__Exercise instructions__
Reproduce each record exactly.

[Data entries]
----------
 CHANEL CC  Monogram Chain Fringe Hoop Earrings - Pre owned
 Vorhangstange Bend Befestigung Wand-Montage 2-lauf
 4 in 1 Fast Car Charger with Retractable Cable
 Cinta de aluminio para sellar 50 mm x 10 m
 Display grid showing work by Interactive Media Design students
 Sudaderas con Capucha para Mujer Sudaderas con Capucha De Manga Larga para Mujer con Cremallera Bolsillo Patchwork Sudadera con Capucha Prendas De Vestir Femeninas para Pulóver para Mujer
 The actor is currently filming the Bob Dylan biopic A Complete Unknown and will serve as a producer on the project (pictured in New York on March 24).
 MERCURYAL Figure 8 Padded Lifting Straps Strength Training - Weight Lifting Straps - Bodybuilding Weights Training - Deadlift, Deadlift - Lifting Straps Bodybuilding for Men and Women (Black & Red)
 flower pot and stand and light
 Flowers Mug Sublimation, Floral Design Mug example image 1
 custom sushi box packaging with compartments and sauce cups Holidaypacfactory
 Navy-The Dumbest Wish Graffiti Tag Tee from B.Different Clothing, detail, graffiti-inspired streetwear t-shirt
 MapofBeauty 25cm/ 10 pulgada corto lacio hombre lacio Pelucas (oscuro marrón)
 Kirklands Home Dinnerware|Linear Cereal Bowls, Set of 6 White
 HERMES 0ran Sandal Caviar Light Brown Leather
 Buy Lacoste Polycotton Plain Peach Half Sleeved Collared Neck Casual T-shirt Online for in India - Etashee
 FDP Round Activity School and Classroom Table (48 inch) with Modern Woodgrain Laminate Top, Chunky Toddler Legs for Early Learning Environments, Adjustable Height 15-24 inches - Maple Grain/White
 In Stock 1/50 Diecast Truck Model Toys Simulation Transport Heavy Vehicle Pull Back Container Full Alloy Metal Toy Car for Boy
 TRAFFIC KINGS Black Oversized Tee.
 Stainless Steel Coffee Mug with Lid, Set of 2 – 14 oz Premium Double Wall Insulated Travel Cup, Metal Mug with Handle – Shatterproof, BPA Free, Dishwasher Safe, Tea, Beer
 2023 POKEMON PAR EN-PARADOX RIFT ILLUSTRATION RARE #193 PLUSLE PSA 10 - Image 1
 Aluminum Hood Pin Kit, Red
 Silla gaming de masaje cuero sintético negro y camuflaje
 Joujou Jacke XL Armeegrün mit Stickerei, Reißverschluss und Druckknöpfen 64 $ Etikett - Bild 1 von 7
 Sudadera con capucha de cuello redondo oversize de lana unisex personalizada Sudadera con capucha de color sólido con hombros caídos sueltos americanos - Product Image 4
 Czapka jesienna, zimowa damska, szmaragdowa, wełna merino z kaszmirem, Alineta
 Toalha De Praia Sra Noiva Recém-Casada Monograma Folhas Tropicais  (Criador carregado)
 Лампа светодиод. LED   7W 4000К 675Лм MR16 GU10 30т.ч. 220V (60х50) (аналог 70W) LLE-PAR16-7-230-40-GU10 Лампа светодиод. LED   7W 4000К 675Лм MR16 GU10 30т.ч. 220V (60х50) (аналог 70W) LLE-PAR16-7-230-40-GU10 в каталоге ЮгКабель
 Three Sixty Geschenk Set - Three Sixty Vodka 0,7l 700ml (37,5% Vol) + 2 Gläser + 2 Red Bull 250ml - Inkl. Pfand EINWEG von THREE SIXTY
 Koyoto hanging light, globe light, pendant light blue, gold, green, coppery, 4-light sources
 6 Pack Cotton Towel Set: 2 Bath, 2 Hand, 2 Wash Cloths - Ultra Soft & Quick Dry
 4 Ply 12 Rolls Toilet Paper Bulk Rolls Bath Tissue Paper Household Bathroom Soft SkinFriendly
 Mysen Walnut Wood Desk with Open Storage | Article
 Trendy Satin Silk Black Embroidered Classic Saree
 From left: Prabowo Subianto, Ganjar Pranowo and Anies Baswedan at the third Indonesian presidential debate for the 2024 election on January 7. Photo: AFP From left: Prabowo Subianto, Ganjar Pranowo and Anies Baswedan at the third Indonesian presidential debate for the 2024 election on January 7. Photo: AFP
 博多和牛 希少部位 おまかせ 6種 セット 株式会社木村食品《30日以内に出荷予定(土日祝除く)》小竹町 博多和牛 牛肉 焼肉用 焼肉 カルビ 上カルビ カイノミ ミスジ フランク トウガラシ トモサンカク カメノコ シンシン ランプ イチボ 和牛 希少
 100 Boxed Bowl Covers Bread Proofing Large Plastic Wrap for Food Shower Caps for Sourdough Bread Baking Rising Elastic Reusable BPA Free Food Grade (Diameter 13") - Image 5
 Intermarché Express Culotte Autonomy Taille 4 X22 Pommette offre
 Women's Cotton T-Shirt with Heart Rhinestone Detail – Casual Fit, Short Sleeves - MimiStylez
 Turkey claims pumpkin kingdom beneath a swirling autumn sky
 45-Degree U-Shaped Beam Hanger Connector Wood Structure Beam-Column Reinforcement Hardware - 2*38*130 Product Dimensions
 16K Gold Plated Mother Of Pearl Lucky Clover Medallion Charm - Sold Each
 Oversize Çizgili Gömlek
----------
__Final answer__
 CHANEL CC  Monogram Chain Fringe Hoop Earrings - Pre owned
 Vorhangstange Bend Befestigung Wand-Montage 2-lauf
 4 in 1 Fast Car Charger with Retractable Cable
 Cinta de aluminio para sellar 50 mm x 10 m
 Display grid showing work by Interactive Media Design students
 Sudaderas con Capucha para Mujer Sudaderas con Capucha De Manga Larga para Mujer con Cremallera Bolsillo Patchwork Sudadera con Capucha Prendas De Vestir Femeninas para Pulóver para Mujer
 The actor is currently filming the Bob Dylan biopic A Complete Unknown and will serve as a producer on the project (pictured in New York on March 24).
 MERCURYAL Figure 8 Padded Lifting Straps Strength Training - Weight Lifting Straps - Bodybuilding Weights Training - Deadlift, Deadlift - Lifting Straps Bodybuilding for Men and Women (Black & Red)
 flower pot and stand and light
 Flowers Mug Sublimation, Floral Design Mug example image 1
 custom sushi box packaging with compartments and sauce cups Holidaypacfactory
 Navy-The Dumbest Wish Graffiti Tag Tee from B.Different Clothing, detail, graffiti-inspired streetwear t-shirt
 MapofBeauty 25cm/ 10 pulgada corto lacio hombre lacio Pelucas (oscuro marrón)
 Kirklands Home Dinnerware|Linear Cereal Bowls, Set of 6 White
 HERMES 0ran Sandal Caviar Light Brown Leather
 Buy Lacoste Polycotton Plain Peach Half Sleeved Collared Neck Casual T-shirt Online for in India - Etashee
 FDP Round Activity School and Classroom Table (48 inch) with Modern Woodgrain Laminate Top, Chunky Toddler Legs for Early Learning Environments, Adjustable Height 15-24 inches - Maple Grain/White
 In Stock 1/50 Diecast Truck Model Toys Simulation Transport Heavy Vehicle Pull Back Container Full Alloy Metal Toy Car for Boy
 TRAFFIC KINGS Black Oversized Tee.
 Stainless Steel Coffee Mug with Lid, Set of 2 – 14 oz Premium Double Wall Insulated Travel Cup, Metal Mug with Handle – Shatterproof, BPA Free, Dishwasher Safe, Tea, Beer
 2023 POKEMON PAR EN-PARADOX RIFT ILLUSTRATION RARE #193 PLUSLE PSA 10 - Image 1
 Aluminum Hood Pin Kit, Red
 Silla gaming de masaje cuero sintético negro y camuflaje
 Joujou Jacke XL Armeegrün mit Stickerei, Reißverschluss und Druckknöpfen 64 $ Etikett - Bild 1 von 7
 Sudadera con capucha de cuello redondo oversize de lana unisex personalizada Sudadera con capucha de color sólido con hombros caídos sueltos americanos - Product Image 4
 Czapka jesienna, zimowa damska, szmaragdowa, wełna merino z kaszmirem, Alineta
 Toalha De Praia Sra Noiva Recém-Casada Monograma Folhas Tropicais  (Criador carregado)
 Лампа светодиод. LED   7W 4000К 675Лм MR16 GU10 30т.ч. 220V (60х50) (аналог 70W) LLE-PAR16-7-230-40-GU10 Лампа светодиод. LED   7W 4000К 675Лм MR16 GU10 30т.ч. 220V (60х50) (аналог 70W) LLE-PAR16-7-230-40-GU10 в каталоге ЮгКабель
 Three Sixty Geschenk Set - Three Sixty Vodka 0,7l 700ml (37,5% Vol) + 2 Gläser + 2 Red Bull 250ml - Inkl. Pfand EINWEG von THREE SIXTY
 Koyoto hanging light, globe light, pendant light blue, gold, green, coppery, 4-light sources
 6 Pack Cotton Towel Set: 2 Bath, 2 Hand, 2 Wash Cloths - Ultra Soft & Quick Dry
 4 Ply 12 Rolls Toilet Paper Bulk Rolls Bath Tissue Paper Household Bathroom Soft SkinFriendly
 Mysen Walnut Wood Desk with Open Storage | Article
 Trendy Satin Silk Black Embroidered Classic Saree
 From left: Prabowo Subianto, Ganjar Pranowo and Anies Baswedan at the third Indonesian presidential debate for the 2024 election on January 7. Photo: AFP From left: Prabowo Subianto, Ganjar Pranowo and Anies Baswedan at the third Indonesian presidential debate for the 2024 election on January 7. Photo: AFP
 博多和牛 希少部位 おまかせ 6種 セット 株式会社木村食品《30日以内に出荷予定(土日祝除く)》小竹町 博多和牛 牛肉 焼肉用 焼肉 カルビ 上カルビ カイノミ ミスジ フランク トウガラシ トモサンカク カメノコ シンシン ランプ イチボ 和牛 希少
 100 Boxed Bowl Covers Bread Proofing Large Plastic Wrap for Food Shower Caps for Sourdough Bread Baking Rising Elastic Reusable BPA Free Food Grade (Diameter 13") - Image 5
 Intermarché Express Culotte Autonomy Taille 4 X22 Pommette offre
 Women's Cotton T-Shirt with Heart Rhinestone Detail – Casual Fit, Short Sleeves - MimiStylez
 Turkey claims pumpkin kingdom beneath a swirling autumn sky
 45-Degree U-Shaped Beam Hanger Connector Wood Structure Beam-Column Reinforcement Hardware - 2*38*130 Product Dimensions
 16K Gold Plated Mother Of Pearl Lucky Clover Medallion Charm - Sold Each
 Oversize Çizgili Gömlek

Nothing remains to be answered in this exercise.